Hace 23 años Mahmud Darwish concedía una entrevista en El País.  Luz Gómez recordaba al poeta una afirmación que David Grossman había hecho, en ese mismo medio unos días antes, sobre el Estado de Israel. Para Grossman, Israel como Estado era más que nada un símbolo y como tal no puede actuar como “Estado verdadero”. Tampoco le permite esa condición de símbolo llegar a acuerdos con Palestina. “¿No son demasiadas metáforas?” planteaba Gómez. La respuesta de Darwish es excepcional. “Ver al Estado de Israel como un símbolo –no sé de qué, la verdad– es intentar liberarle de su responsabilidad como Estado y de su sometimiento a la legalidad internacional. Un símbolo no está obligado a negociar ni a rendir cuentas. Pero un símbolo, y esto es definitivo, tampoco se arma con misiles, tanques y cabezas nucleares. (…) Los países necesitan símbolos, por supuesto. Pero transformar el Estado en el símbolo mismo no es más que una artimaña para presentarlo como un fenómeno ahistórico”. Es difícil no asumir la reflexión de Darwish como válida y legítima. Sin embargo, lo que trata de decir Grossman obedece a un principio de verdad indiscutible cuyas consecuencias (entre otras muchas) alcanzan la magnitud que estamos presenciando desde el 7 de octubre.

El Estado como símbolo es fruto de un imaginario colectivo, cuyo vínculo puede ser más o menos sólido en función de la fuerza que ejercen otros imaginarios sobre este. Para establecerse como símbolo, un Estado debe rebuscarse en la Historia, (re)construirse una narrativa, hallar una forma de representación genuina, revestirse del halo sagrado-místico que siempre puede poner en duda los relatos del Otro. Un Estado-símbolo es un edificio a veces frágil, pero que logra mantenerse en pie por las fuerzas y presiones que operan sobre él desde múltiples direcciones. Creo que Grossman acertó cuando definió al Estado de Israel como símbolo: su tenacidad le viene dada porque ha encontrado un espacio en el imaginario colectivo donde instalarse de forma firme e inquebrantable. Lo ha hecho como símbolo que obedece a un significado mayor, más elevado, transhumano. Israel, como Estado-símbolo, es origen y destino de la humanidad.

La teoría según la cual el origen de la humanidad debemos situarlo en el cuerno de África no opera con la fuerza categórica de los símbolos. No la tiene por mucho que los datos científicos hayan avalado esta tesis. Sin embargo, esto es lo que ha logrado adoptar Israel, interpretarse a sí mismo como Estado legítimo por su simbolismo de pueblo original de la humanidad. Esta legitimidad le viene dada por una historicidad que va desde el primer exilio forzado del Reino de Israel (hacia el siglo VIII a. C.), pasando por las múltiples persecuciones y expulsiones –que alcanzaron el punto álgido a finales del siglo XV–, hasta la Shoah que conmocionó por la brutal realidad que revelaba. En suma, Israel se conforma sobre la perpetuación de un dolor, un martirio, un sufrimiento histórico que se acepta como principio simbólico para definirse como Estado, reflejo coherente de un pueblo elegido, cuya prueba irrefutable de su elección reside en su persecución esencial. Esta trayectoria místico-divina del martirio se encuentra entre los fundamentos mismos de la existencia de Israel hoy día.

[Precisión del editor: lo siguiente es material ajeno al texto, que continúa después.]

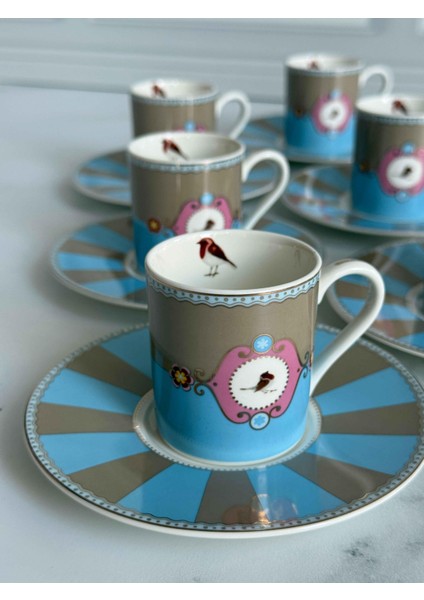 Türk Kahve Fincanı Bird Blue 6 Kişilik 12 Parça modelleri
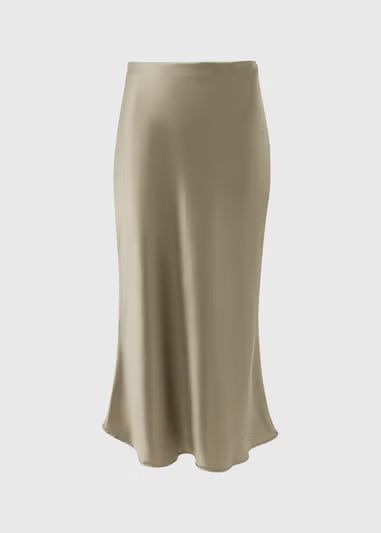Khaki Satin Midi Skirt - Size 12 | Matalan (UK)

Esta experiencia mística a partir de la cual Israel se define como Estado-símbolo está muy cerca de lo que Mircea Eliade denominaba hierofanía: la manifestación de lo sagrado en el mundo. Sin embargo, esta lectura simbólica que podría ser –y de hecho lo es entre ciertos colectivos e individualidades– una forma de conmemorar la historia de un pueblo, ha logrado tejer la trama de una política expansionista y vengadora. El martirio histórico y místico-religioso ha actuado como punto de partida de una colonización que se ha reinterpretado como reinstauración de un Estado, y por ello como sello de una herida histórica. Pero el simbolismo del martirio es incompleto, e incluso fallido, si no existe una otredad enemiga, identificable y localizable. El Estado-símbolo para sobrevivir necesita de un oponente causal, un símbolo antitético al martirio, que le permita erigirse y actualizarse como símbolo de víctima histórica. En otras palabras, el Estado de Israel necesita más que nunca del odio de Palestina para su existencia. La diferencia radical se convierte en una necesidad ontológica: existir debido y gracias a la rabia y la desolación del Otro.

La cuestión no estriba en que un Estado se defina, se erija o incluso exista sobre cierta simbología, al fin y al cabo, los símbolos, como imágenes colectivas, aglutinan nuestro sentir y lo convierten en algo corpóreo y vivo. Más bien, lo que nos confronta con el Estado de Israel, tal y como observa Darwish, es el uso de esta simbología, es la forma de incorporar este imaginario colectivo para que pueda convertirse en medio de colonización, expansión y exterminio hacia el gran Otro.

Esto por supuesto no es exclusivo de Israel, a pesar de la sistematicidad con la que lleva a cabo sus acciones. Ante la fácil ecuación “Israel equivale al mal”, es indispensable que entendamos que los mecanismos simbólicos están al servicio de un proyecto mucho más amplio donde las categorías de bien y mal difícilmente funcionan. Y las movilizaciones públicas de estos días son una prueba de esto. Un caso complejo es el de Marruecos, con una población que me atrevería a decir que es, sin fisuras, pro-Palestina en su gran mayoría. En la última manifestación en Rabat se ha quemado una bandera israelí. Todo un ejemplo de cómo a través de los actos simbólicos somos capaces de exorcizar nuestros sentimientos de dolor. La bandera, es decir, Israel, es quemada hasta su desaparición. El deseo hecho fuego. El Estado hecho cenizas. 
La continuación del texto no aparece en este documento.